What we really want: more investments in local-sized efforts.
Before Keurig Coca-Cola GMCR announced their new set-up deal in the state of Georgia, a Vermont business leader referred to them as a gazelles. Meaning they were growing and hungry corporations – big businesses that demand to be fed endlessly – always threatening to leap out of state at a moment’s notice. Some feed is supplied from Vermont’s limited VEGI tax incentive goodies and similar economic treats. Seven Days asked Frank Cioffi (head of the GBIC) if the State of Vermont through VEGI had the ability economically to compete with other states and nations. “Probably not” said Cioffi, but he supports VEGI spending. But why not stop buying into the gazelle corporate tax credits extortion racket?
Vermont hand fed the Keurig GMCR gazelle about nine million dollars worth of assorted tasty tax credit bits since 2011. Vermont’s Working Lands Enterprise Initiative isn’t high on the corporate food chain, but greatly expanding such locally targeted efforts may be a better way to spend our resources. The cost is lower; almost a pittance by comparison (fewer than two million in two years), and the local effects could be almost immediate.
The two-year-old program is a cooperative effort of the Agency of Agriculture, Food and Markets; the Vermont Department of Forests, Parks and Recreation; and the Agency of Commerce and Community Development. Working Lands awards support grants and training to Vermonters engaged in agriculture, food systems, forestry, and forest product-based businesses: the working landscape. In the first year $986,500 was awarded; this year, with a slight increase, $1.1 million will be channeled directly to 37 farm and forestry projects scattered throughout Vermont.

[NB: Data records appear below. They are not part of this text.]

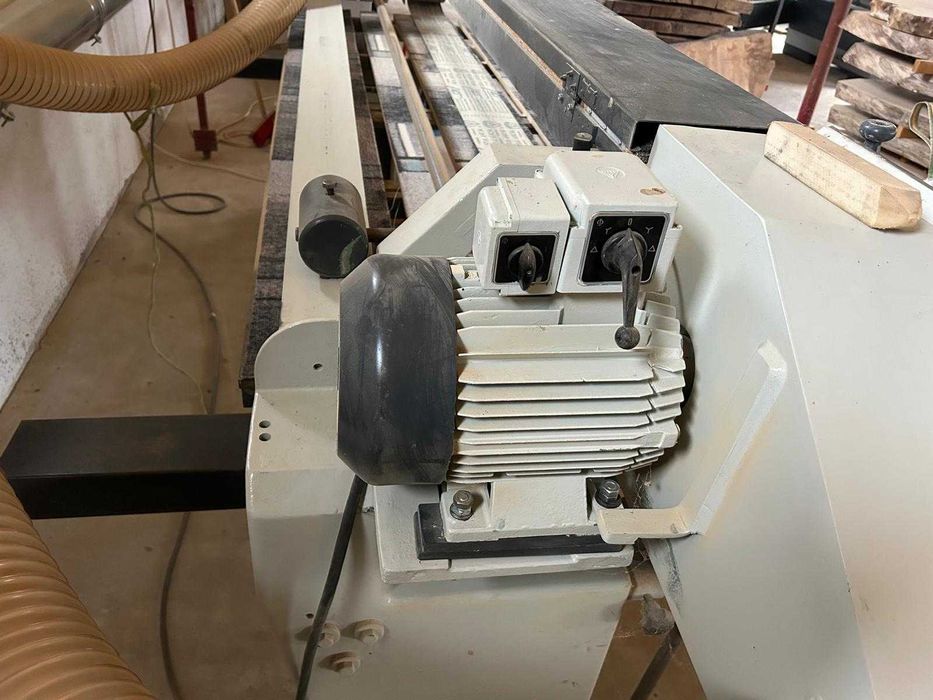 Masina pentru slefuire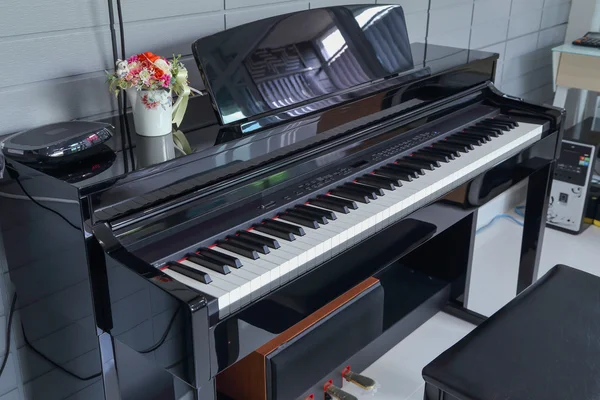 Un piano electrónico negro —  Fotos de Stock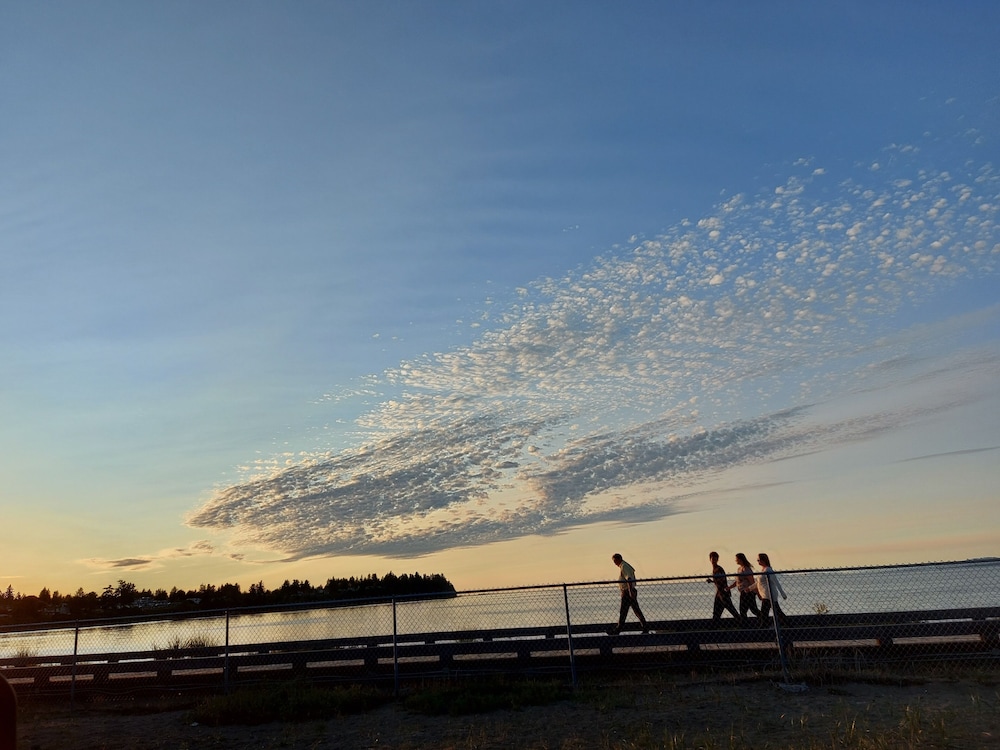 Parksville Vacations - Park Sands Beach Resort - Property Image 2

The funds provided are being used for a variety of projects, including a computerized weight data and tracking system for livestock, equipment to expand production at a goat farm,a portable sawmill and materials for solar-assisted lumber kiln.
And those being helped are definitely not corporate gazelles. In Greensboro, an apple orchard owner who applied for and received $20,000 to create an on-farm processing facility remarked,
“It’s not incredibly glamorous, (but) it’s setting the stage for the next 10 years,” he said. “It’ll really make us much more viable in terms of cash flow.”
And just for scale, here is a look at what things are like for one corporate gazelle: in 2012 Keurig GMCR gave their then-new CEO a onetime signing bonus of $600,000 in addition to roughly $3 million in stock. Also they kicked in $500,000 to relocate him to Vermont.
Who do you want to spend Vermont’s money on?
It’s time Cioffi and the rest of the pocket change jinglers faced the awful truth: we can’t possibly win that game of incentives one-upmanship.
The problem is that they lack the imagination to think outside the Wall Street box to where our real strengths lie: working landscapes, the creative economy, trustworthy food sourcing, and environmental initiative.
Those are the landmarks of a truly sustainable economy and they are fools to look elsewhere for opportunity in the strategies of more populous but distinctly less appealing states.
Suggested slogan:
“Vermont: Proudly Rural, Proudly Progressive.”